Letter of the Day: Don’t blame Trinidad, blame ourselves!

Published:Friday | April 22, 2016 | 12:00 AM


The ongoing debate of the reported harassment and denial of entry to some Jamaicans seeking to enter Trinidad and Tobago is one that calls for serious introspection on the part of us as Jamaicans.

The actions by the immigration officials in Trinidad are indicative of how the majority of us, Jamaicans, are perceived across the region and other parts of the world.

Separate and apart from iconic figures such as Bob Marley, Marcus Garvey, Usain Bolt and Merlene Ottey, just to name a few, Jamaica has, for the better part of the last 50 years, developed the unenviable reputation as one of 'most wickedest' places in the Western Hemisphere.

Jamaica, as a stable democracy, has in the last 10 years had the highest homicide rate in all CARICOM.

The perception that most people have of Jamaica and Jamaicans is that of a lawless, trigger-happy, drug-smuggling, homophobic and murderous society. This sort of behaviour is evident wherever Jamaicans go across the world.

The lack of respect for law and order is even more evident in the way we treat with each other here at home. The glorifying of certain heinous behaviour within our culture is far too pervasive. This is the case even among parliamentarians.

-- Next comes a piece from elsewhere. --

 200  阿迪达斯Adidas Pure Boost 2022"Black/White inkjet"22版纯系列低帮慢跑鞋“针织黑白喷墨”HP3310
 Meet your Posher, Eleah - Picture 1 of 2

Since independence we have, as a natio, lost the respect and privileges once affords us as a nation.

Whereas Jamaica, being a member of the Commonwealth of Nations, had non-visa access into most countries within the Commonwealth, we no longer enjoy these privileges. In fact, so badly have we lost our way that even a small island state like the Cayman Islands has put in place visa requirements for Jamaicans.

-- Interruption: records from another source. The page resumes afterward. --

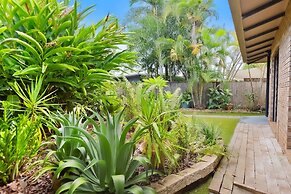 Green Cottage in Trinity Beach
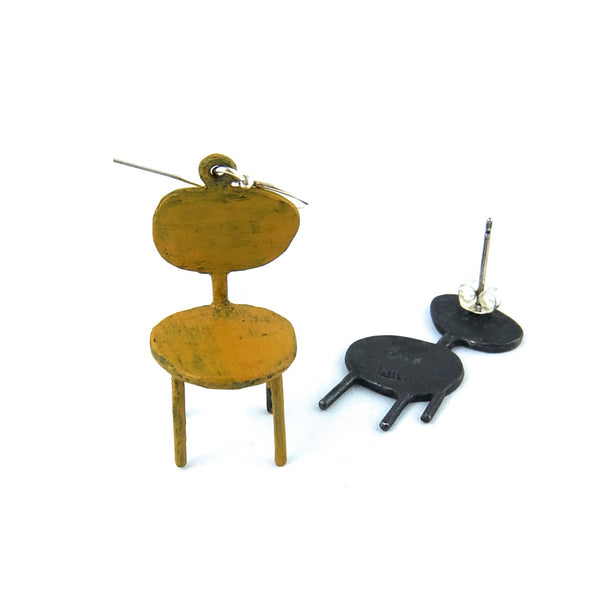 Round Chair with Shadow Earring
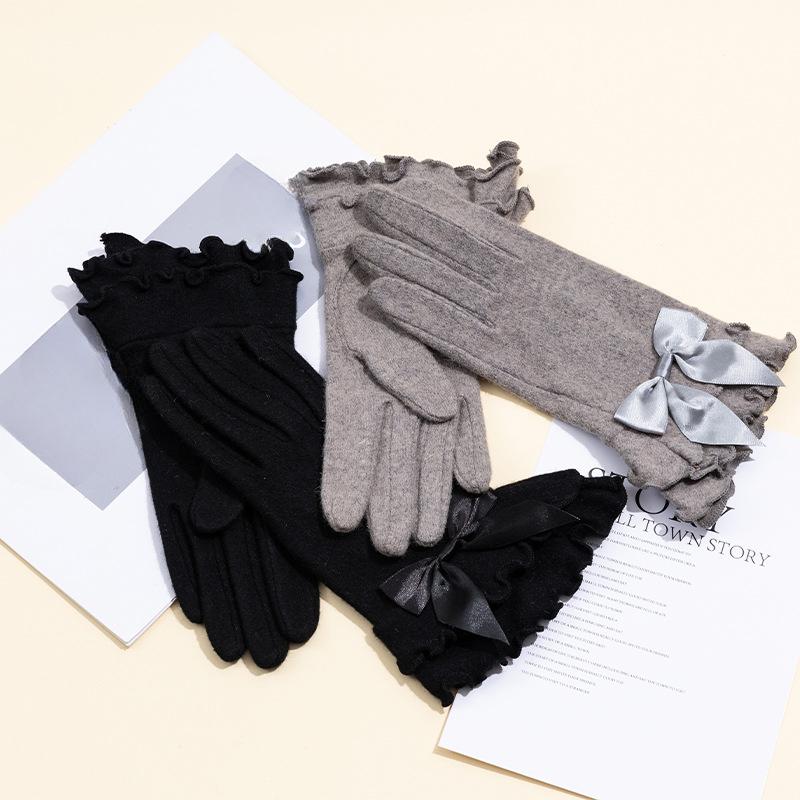 This Is A Cute and Sweet Style of Woolen and Yangni Women's Bow Gloves A Fashionable Outfit That Pairs Well with Full Finger Gloves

I am firmly of the belief that soon and very soon, Trinidad and Tobago will do very much like Jamaica did in the referendum on the West Indies Federation and opt out of this failed so-called union known as CARICOM, thereby putting an end to this ridiculous ruling by the Caribbean Court of Justice, which most Jamaicans believe is an open invitation to Barbados and Trinidad, and so they can buy an airline ticket pack dem bag and 'carry come'.